Figure 1.--Here we see some European boys, probably in the 1930s. We are not sure what country they are from. Nor do we know what kind of caps they are wearing. Perhaps some of our European readrs will recognize them.
We have found some caps which we can no identify. Some caps we know nothing about. Some were destinctive to specific countries or regions. Here the images provide some context, especially the chronology. While we can not always identify the country, we can usually idntify the chronological period. In other instances we are familiar with the caps, but just do not know what they were called. Even available period catalogs do not provide destinctive names for the caps.
Here we see some European boys, probably in the 1930s (figure 1). We are not sure what country they are from. Nor do we know what kind of caps they are wearing. Perhaps some of our European readrs will recognize them. As they are identical we wonder if they could indicate a youth group uniform. Or perhaps the boys are brothers and mother just brought the same style caps.

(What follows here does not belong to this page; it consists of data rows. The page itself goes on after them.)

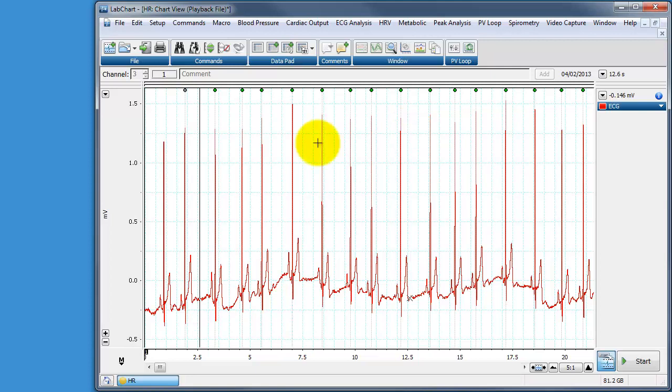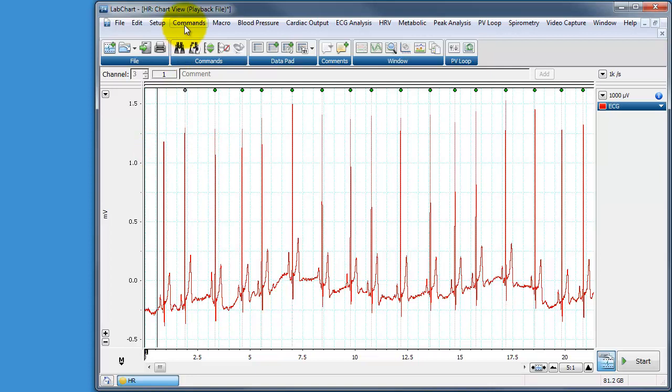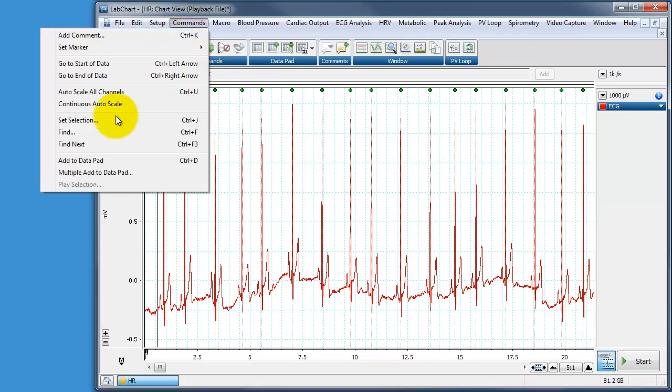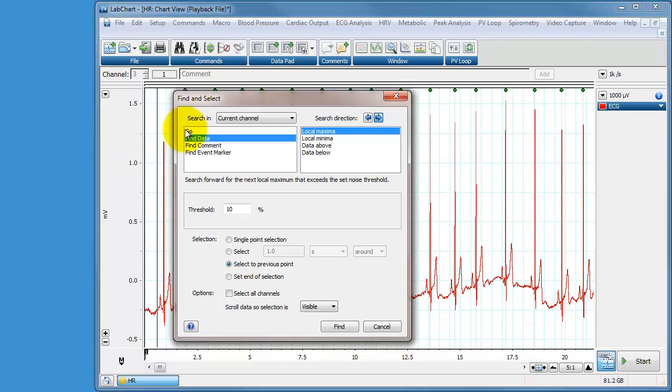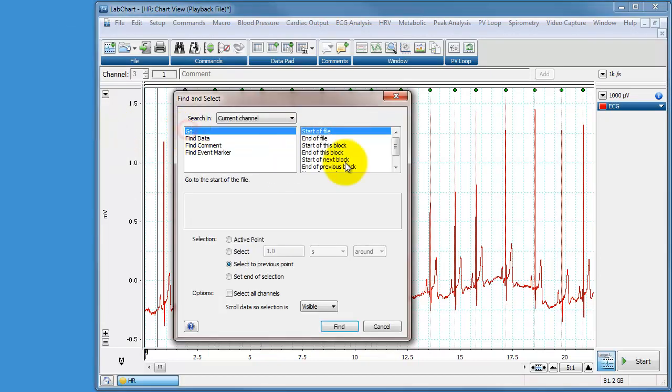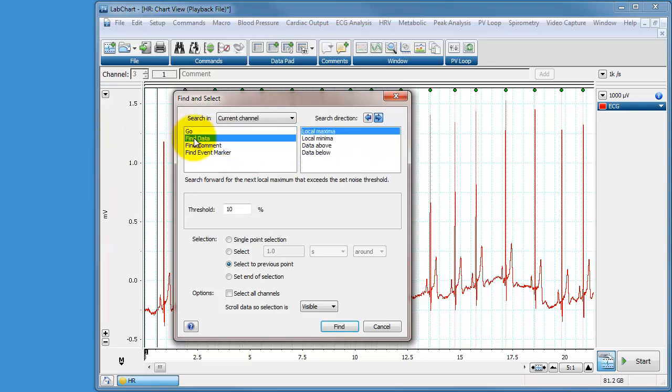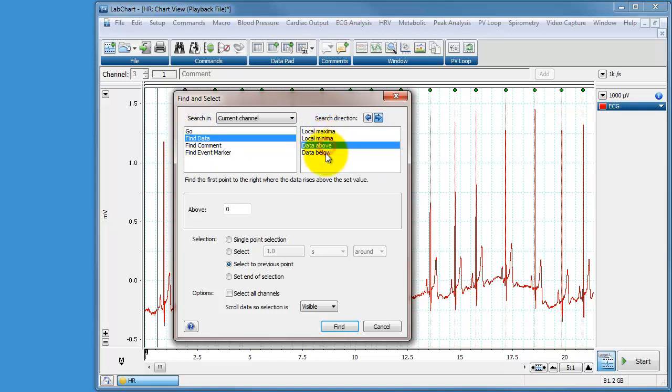So first of all let's just look at the different commands we've got. We've got a find command in the command menu and the find command is quite clever. It allows us to look for various things, it allows us to look for comments, event markers but one of the functionality is to look for data. And for instance here we can look for maxima, minima, data above or data below.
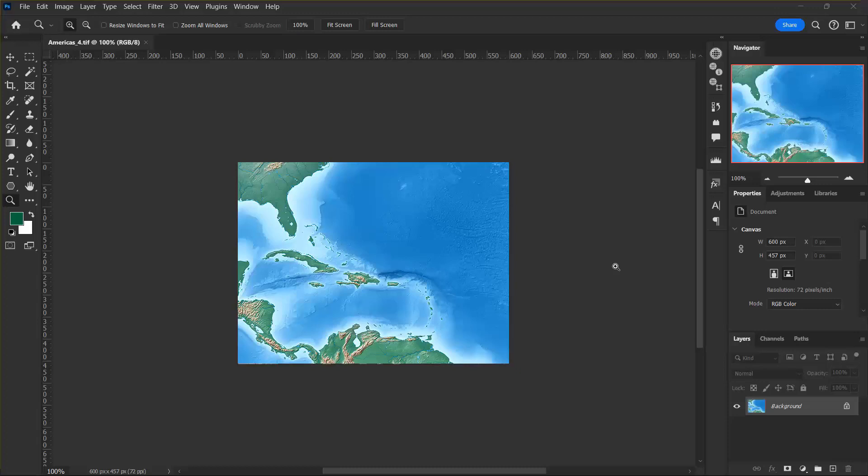The image that we are using in this demonstration is called americas_4.tiff, which can be found in the tutorial data folder. So now that I have imported my image to Geographic Imager, I can confirm that it is aligned with true north.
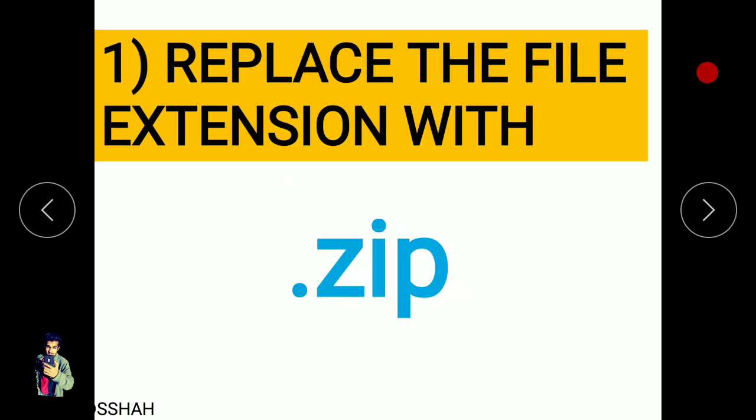The first step is to replace the filename extension with .zip. We need to convert the .ecar file format into .zip.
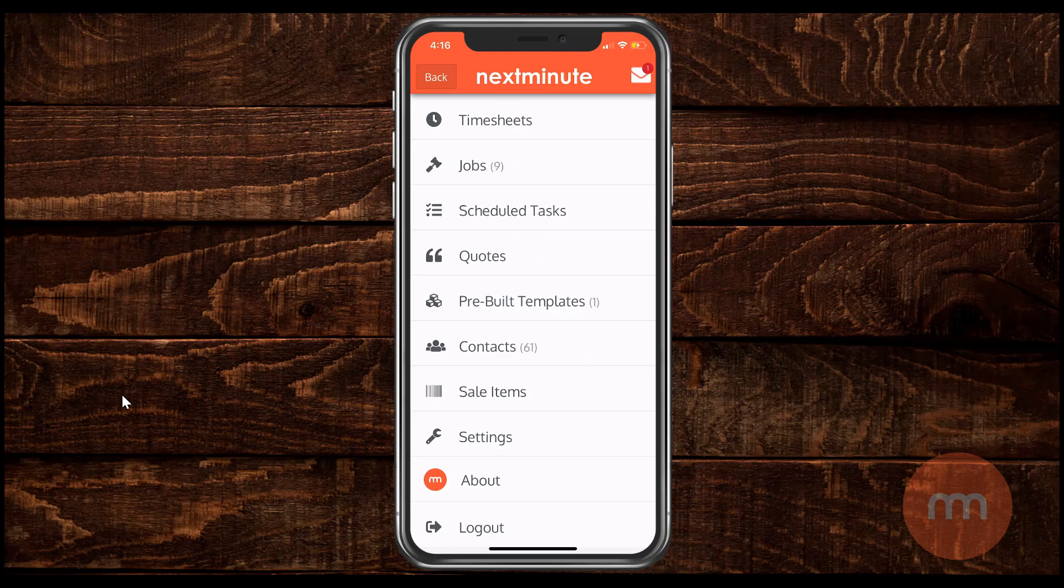Alright guys, so here's a quick video on how to quote on your mobile phone within the next minute. It's very simple to do and the same no matter what smartphone you are actually using.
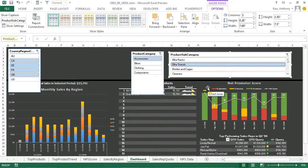So now that we've added these slicers, in the next video we'll look at how to customize them to make them match our dashboard theme.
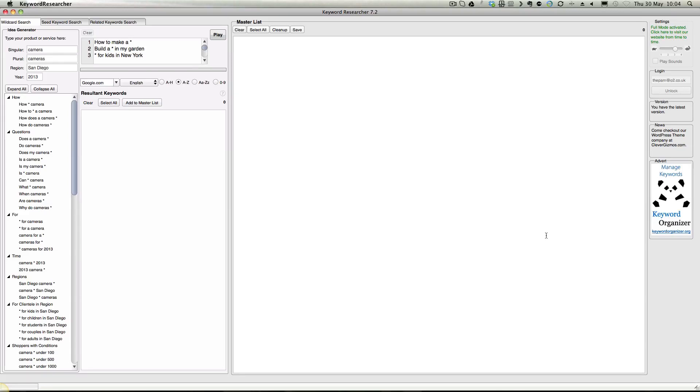Hi guys. I mentioned last night in a webinar about Keyword Researcher and a couple people asked if I could quickly show a demo of it.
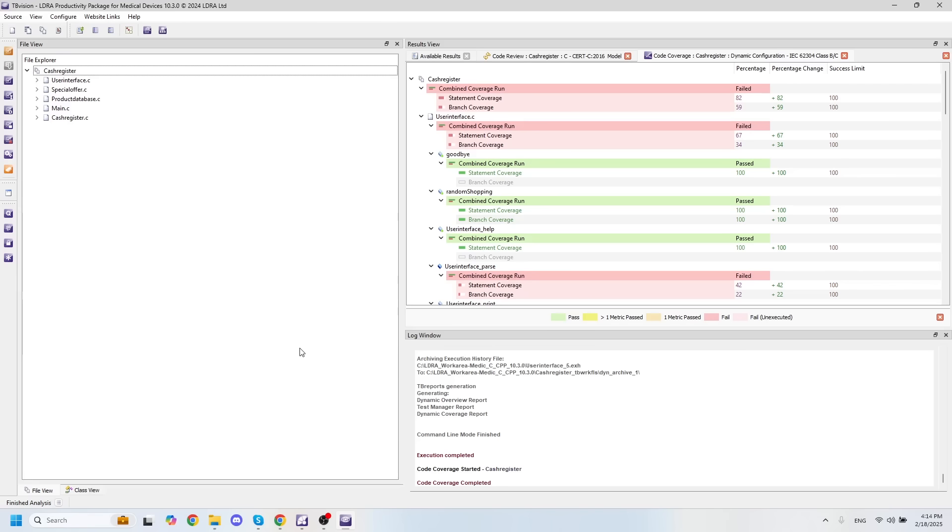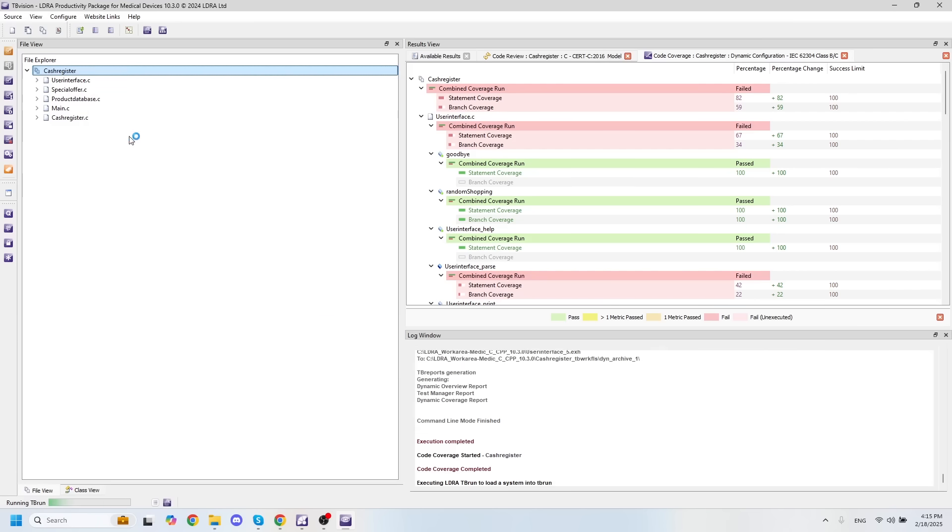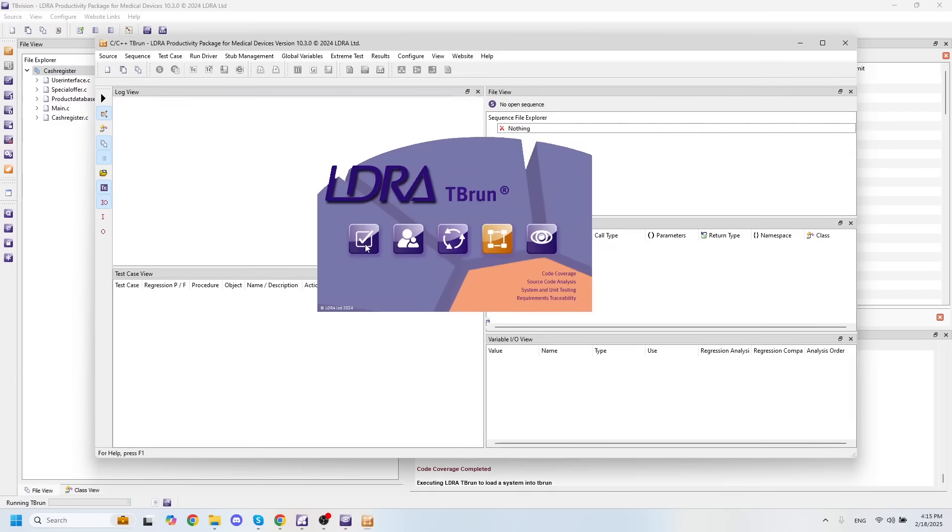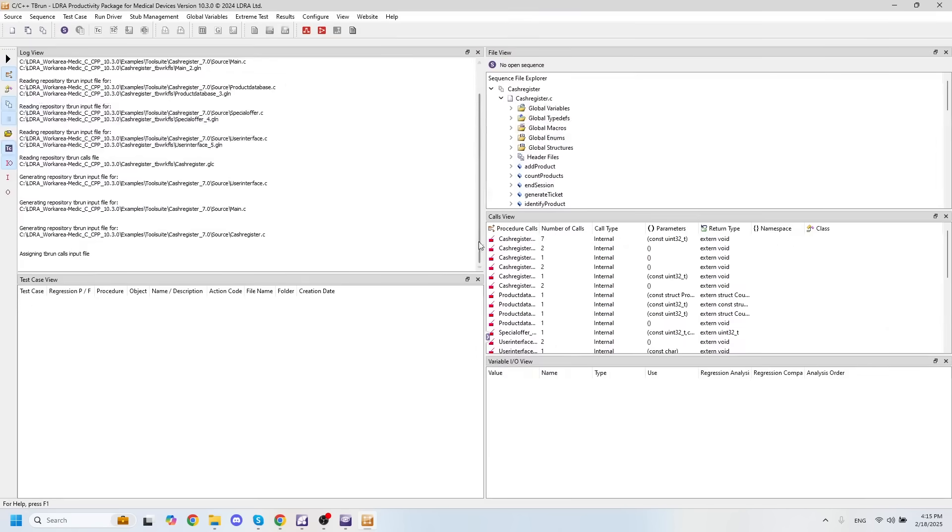And to do that, we can open up this same project in TB run, which is our unit testing software.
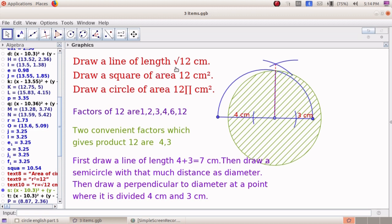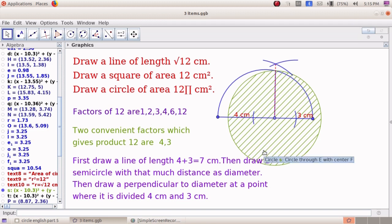Now we have an idea how a line of irrational length can be drawn. For example, if asked to draw a line of length √15 cm, first think about factors of 15: two convenient factors are 3 and 5. Draw a line of length 3 + 5 = 8 cm, do all these activities as explained, and you will get a line of length √15. Similarly, you can draw a rectangle of area 15 cm² or a circle of area 15π cm².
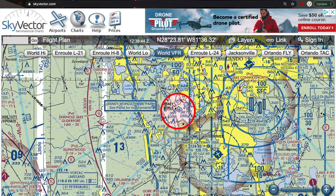A TFR, also known as a temporary flight restriction, is an area in which we as remote pilots cannot fly in. Also, a lot of manned aircraft do not have the ability to fly in a TFR. The only time a manned aircraft can actually fly into a TFR is if they have pre-approval by ATC, or if they're on a flight plan, communicating with ATC, and ATC knows that aircraft is planning on flying through that TFR.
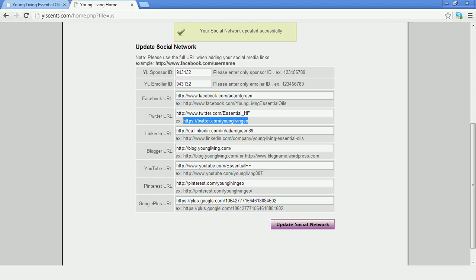So you can utilize Young Living's product blog, their Twitter account, their Facebook account, whatever on your own personal site.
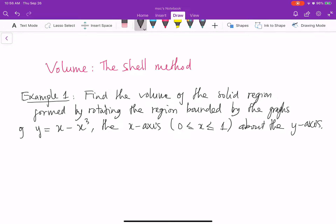Hello. In this video I would like to show you how to use the shell method to find the volume of a solid region. So let's consider the following example.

We have noted one style of cap worn by younger boys during the late 19th century. We do not know the proper name for it at this time. In some ways it seems simmilar to a pill-box cap, but designs varied. We have often wearing Fauntleroy suits and Fauntleroy kilts, but we have seen other boys wearing them with other outfits as well--even sailor suits. It appears some were made out of velvet and matches the boys velvet suit. I'm not sure what colors they came in. We have noted them in different countries, including America, England, and Germany. It is a similar style to that worn by adults with a smocking jacket, often with a tassle. Strangely, we have seen small boys wearing them and adult men--but rarely youths. Hopefully our HBC readers will help identify the style.